• **Assignment**
The result should be the lines from the one holding "Image of Tired" to the final line of the records below, repeated exactly and with no pictures.
═══ Provided information ═══
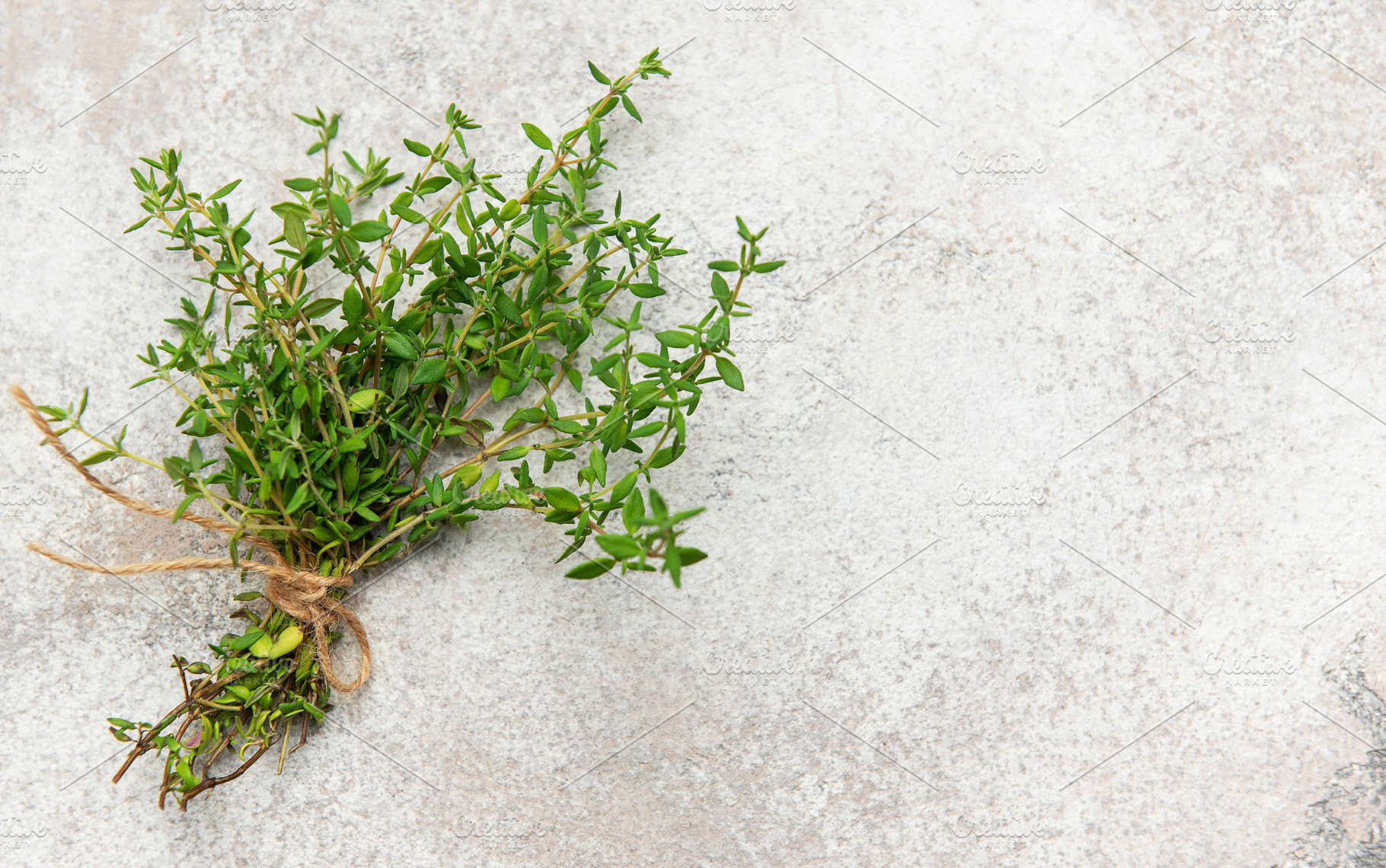 Fresh thyme bunch tied with twine on gray background for culinar, a Food & Drink Photo by Olena Rudo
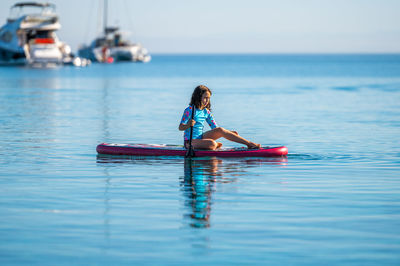 Man kayaking in sea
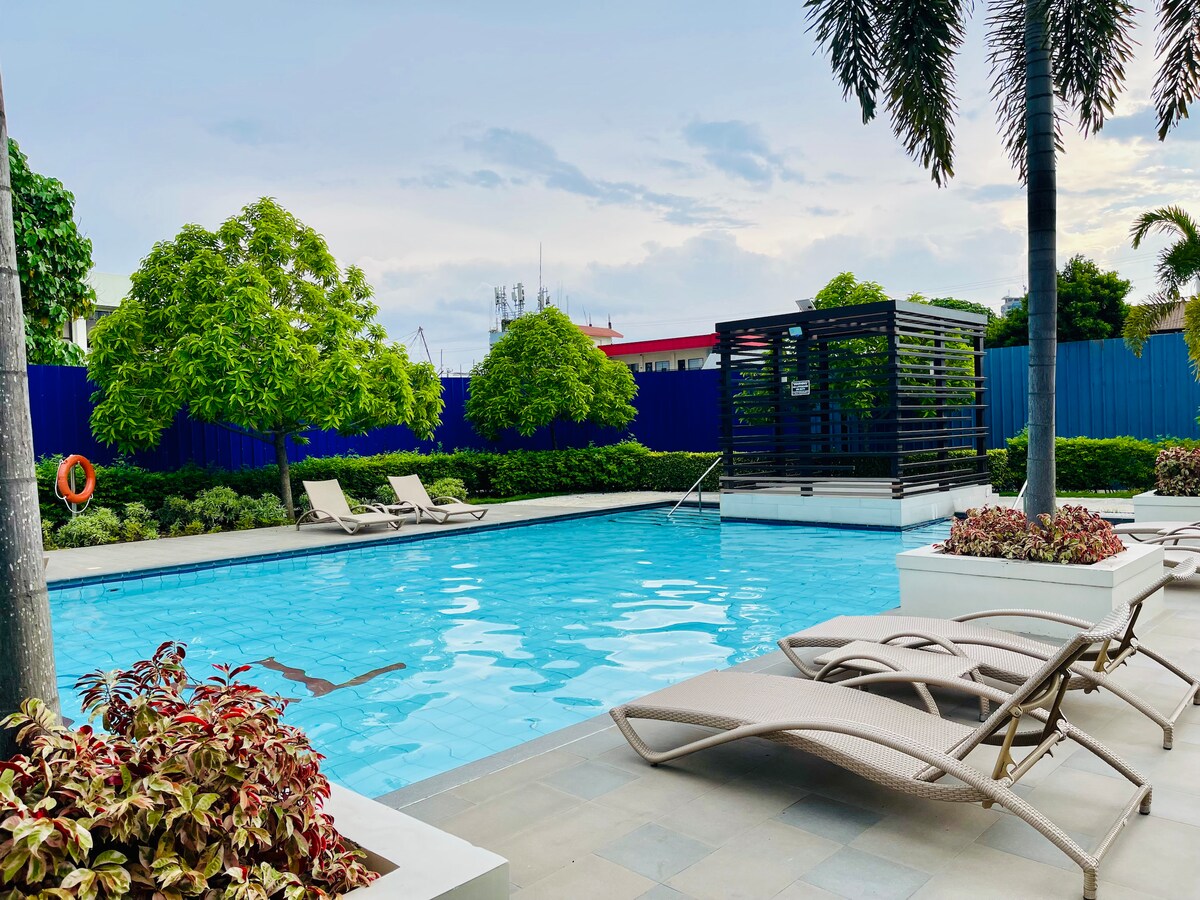 A shared pool is framed by tropical plants and features lounge chairs on a stone deck. A shaded seating area is present in the background, offering a place to relax. The serene water reflects the clear sky, creating a tranquil retreat.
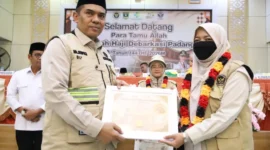 Kepala Kantor Wilayah Kemenhaj Sumbar menyerahkan penghargaan kepada petugas haji atas dedikasi dalam melayani Jemaah. (Foto: Kemenhaj Sumbar)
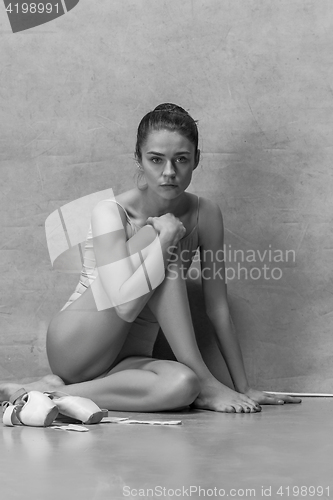 Image of Tired ballet dancer sitting on the wooden floor on a pink background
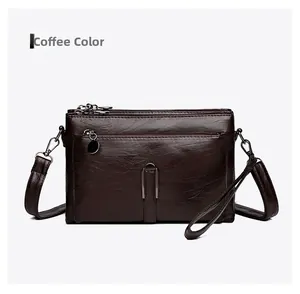 Detail view of coffee leather crossbody bag featuring multi-layer zipper pockets and buckles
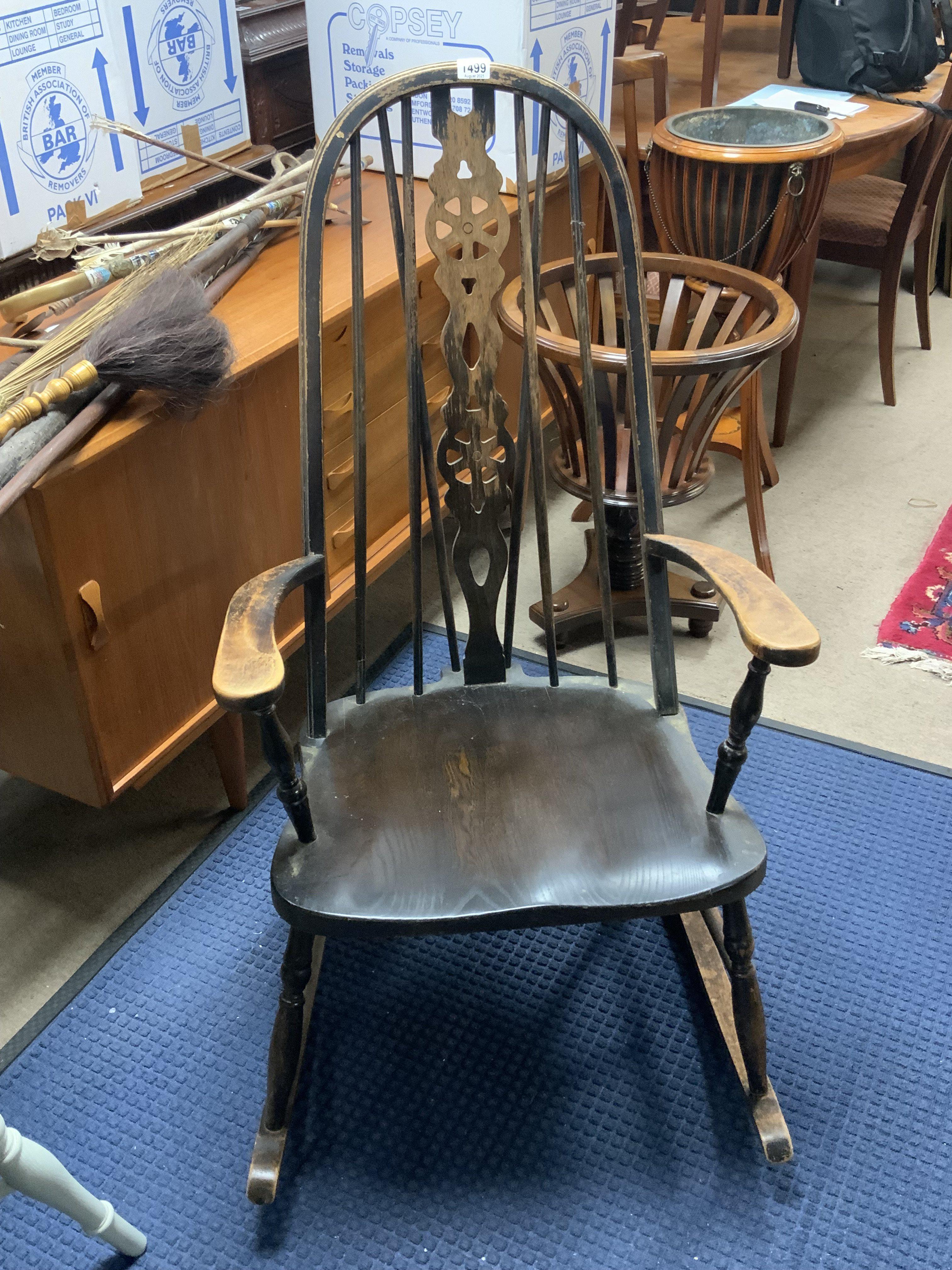 A vintage oak dark stained wheel back rocking chair.
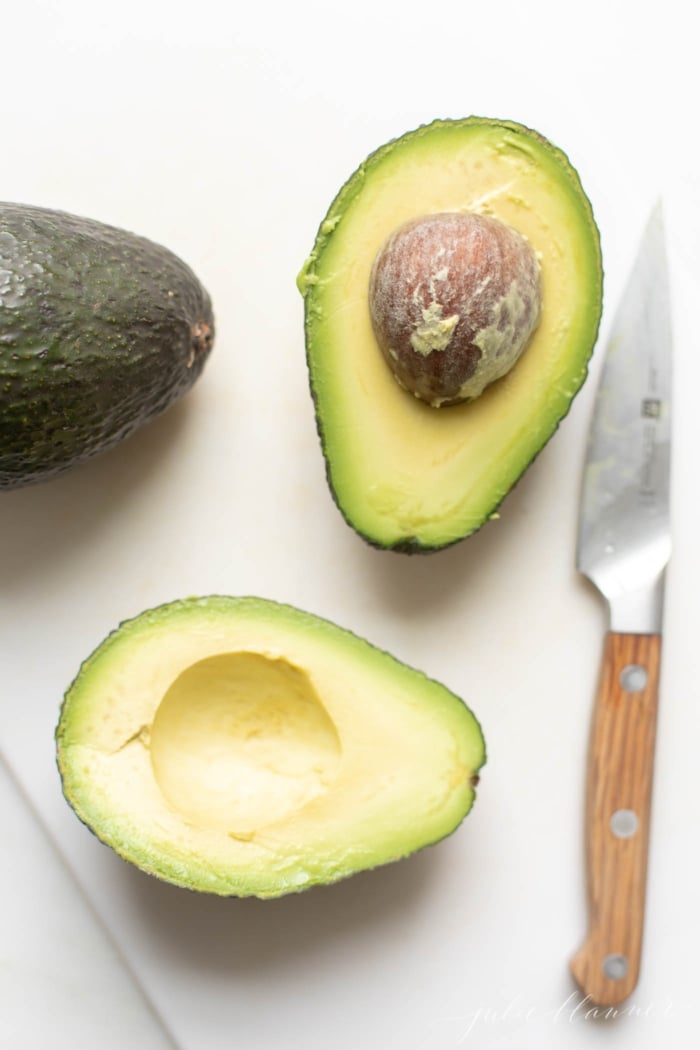 Overhead view of two cut avocado halves with knife
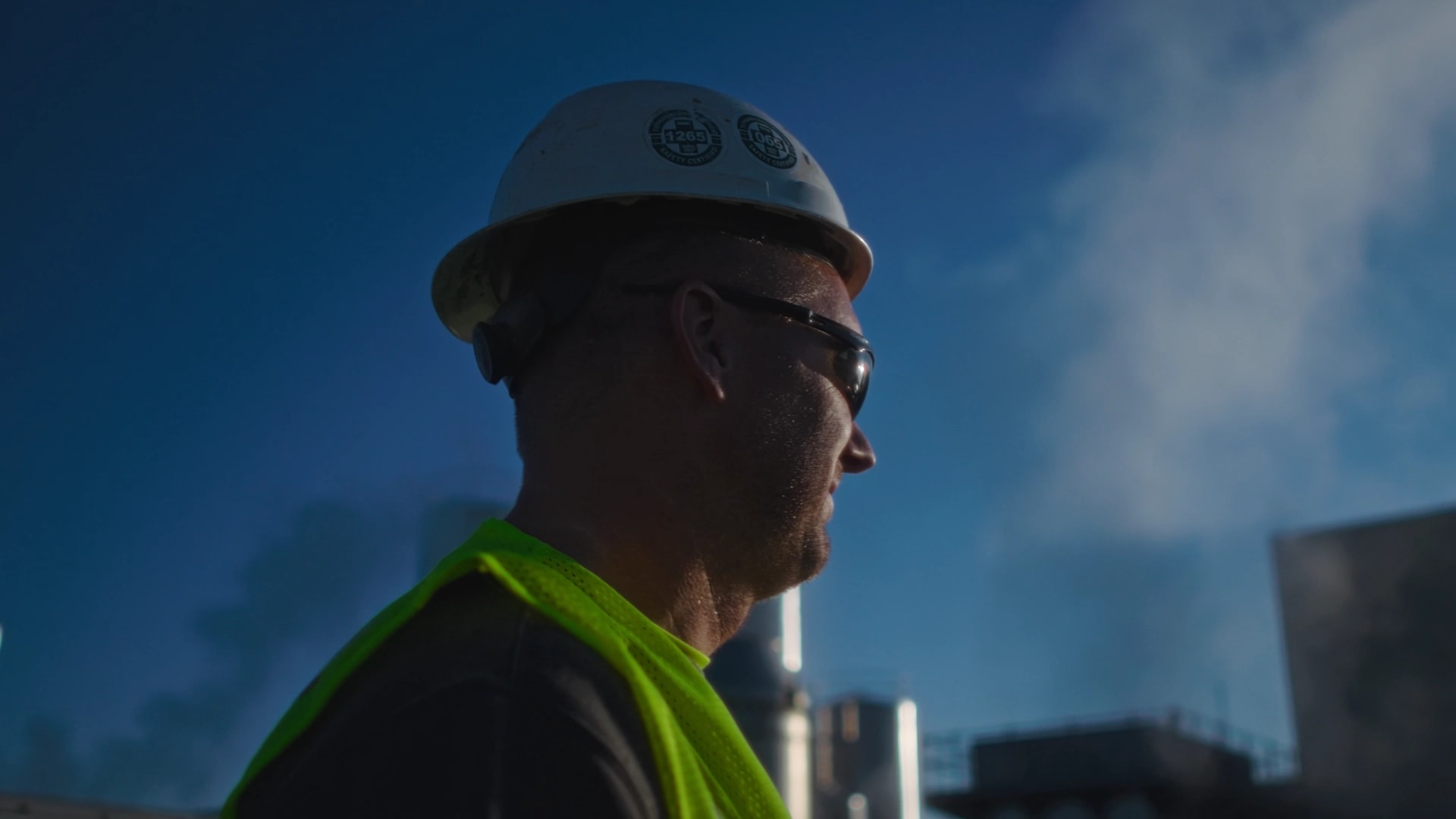 Van Dyken Mechanical team member stands inside a bright unfinished industrial space during the Life Doesn't Wait recruitment campaign in Grandville, Michigan.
═══
• **Exercise response**
 Image of Tired ballet dancer sitting on the wooden floor on a pink background
 Detail view of coffee leather crossbody bag featuring multi-layer zipper pockets and buckles
 A vintage oak dark stained wheel back rocking chair.
 Overhead view of two cut avocado halves with knife
 Van Dyken Mechanical team member stands inside a bright unfinished industrial space during the Life Doesn't Wait recruitment campaign in Grandville, Michigan.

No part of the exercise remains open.